[BIC-announce] FW: TODAY'S Killam speaker - Neural mechanisms of object recognition in cortex: About pipelines, phonemes and flying crossbodies

Jennifer Chew, Ms. jennifer.chew at mcgill.ca
Tue Apr 2 12:54:36 EDT 2013


PLEASE DISCARD IF THIS IS A DUPLICATE.  Jennifer

From: MNISTAFF - Montreal Neurological Institute Staff [mailto:MNISTAFF at LISTS.MCGILL.CA] On Behalf Of Enza Ferracane, Ms.
Sent: Tuesday, April 02, 2013 11:58 AM
To: MNISTAFF at LISTS.MCGILL.CA
Subject: TODAY'S Killam speaker

**KILLAM   LECTURE**

Speaker:  Max Riesenhuber   http://riesenhuberlab.neuro.georgetown.edu/index

Title:   "Neural mechanisms of object recognition in cortex: About pipelines, phonemes, and flying crossbodies"

Date:    TODAY

Time:    4 pm

Place:  de Grandpre Communications Center at the Montreal Neurological Institute (MNI)
             directions  http://neuromedia.mcgill.ca/mnibooking/facdirections/dgccdir.htm

Abstract:
Object recognition is a fundamental cognitive task that the brain performs countless times every day - such as right now when reading the words in this abstract. Yet, despite the apparent ease with which we see, object recognition is a very difficult computational problem. It is even more difficult from a biological perspective, since it involves several levels of understanding, from the level of cellular and biophysical mechanisms up to the level of brain systems and behavior.
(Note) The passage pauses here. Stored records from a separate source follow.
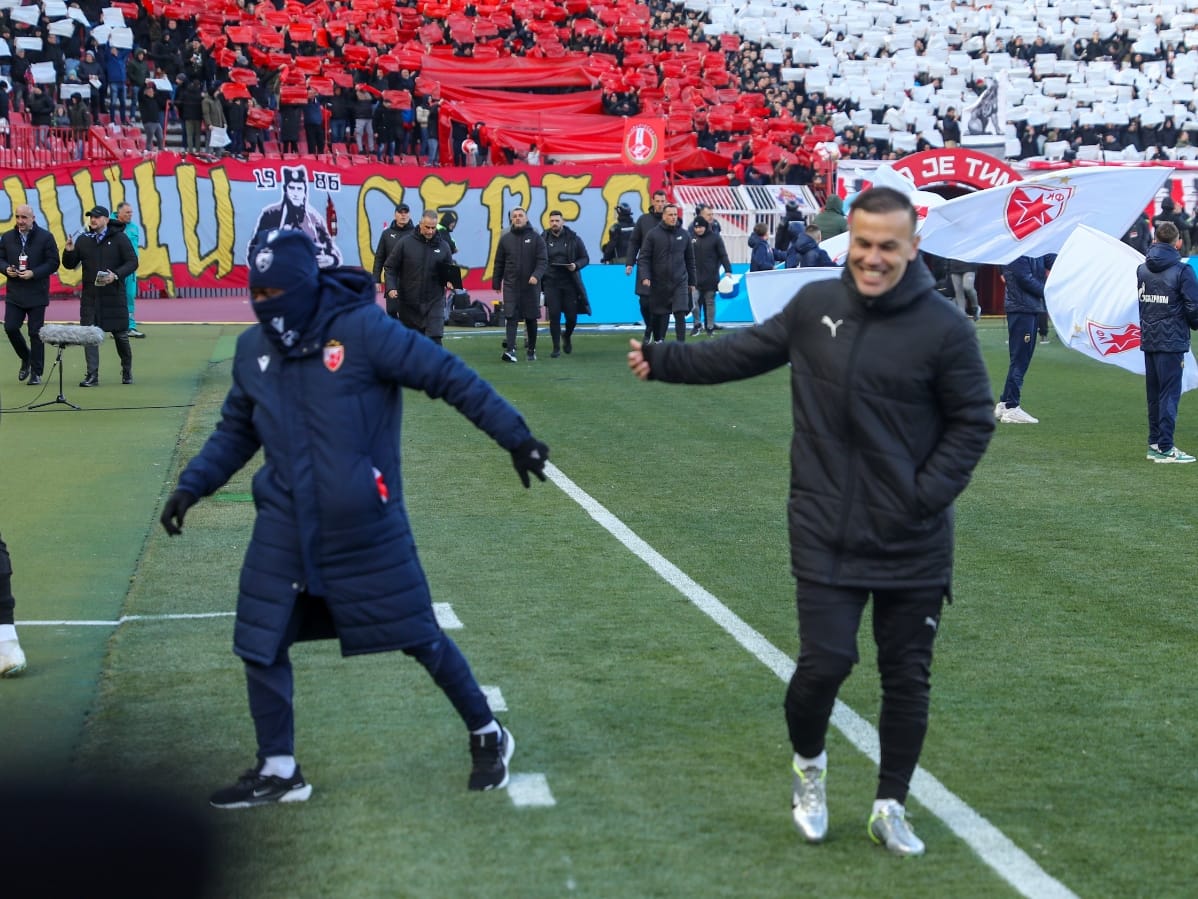 Natho i Kanga tz.jpeg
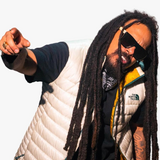 Marcelo Falcão - Foto 1
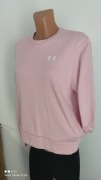 Bluza damska  Under armour 1389659 roz. S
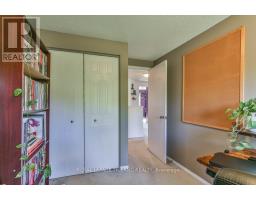 884 MARIGOLD STREET - 22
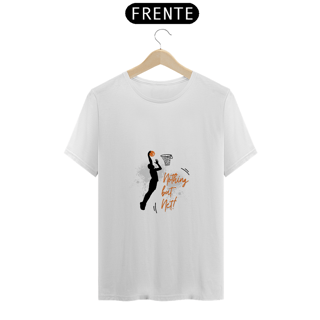 Nome do produto NOTHING BUT NET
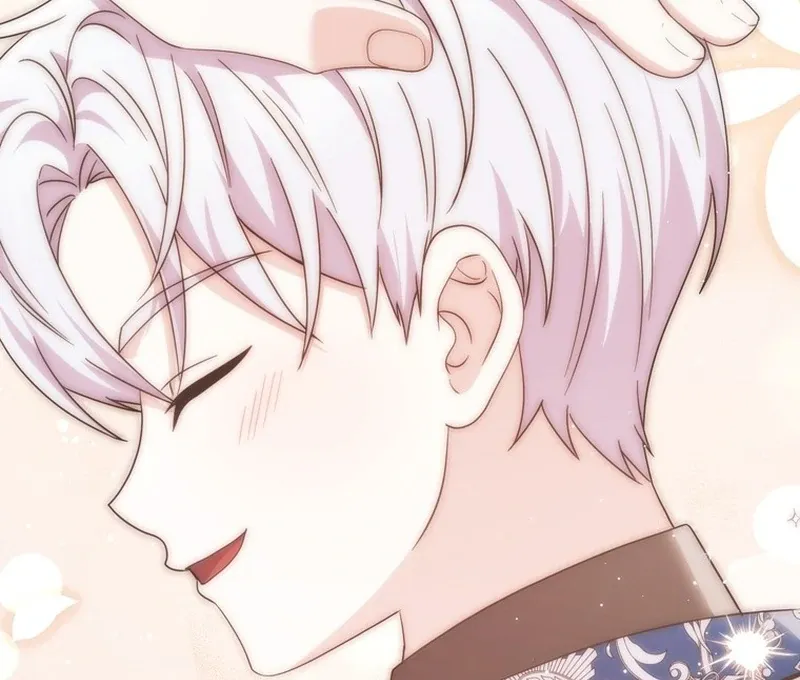 Arelyn Is Sick and Tired Chapter 27 page 94 -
Remarkably, recent results covering areas as varied as face perception, reading, car categorization and auditory phoneme processing suggest an appealingly simple unified account of how our brains assign meaning to sensory stimuli, based on a "simple-to-complex" processing hierarchy that builds invariant feature representations which in turn form efficient representations for downstream modules tuned to different recognition tasks. I will review some of the experimental and computational evidence for this account. Then I will present new results demonstrating the computational power of the model for biologically-inspired machine vision, and show how this framework can serve to drive experiments probing categorization also in other sensory domains, providing evidence that the dorsal auditory stream performs automatic phoneme categorization and may be recruited to support speech decision tasks. Finally, I will present results that show that while the brain can recognize stimuli based on a single fast "feedforward" pass through the processing hierarchy, this feedforward pass is followed by re-entrant, feedback activity that limits throughput, causing the well-known "Attentional Blink" bottleneck.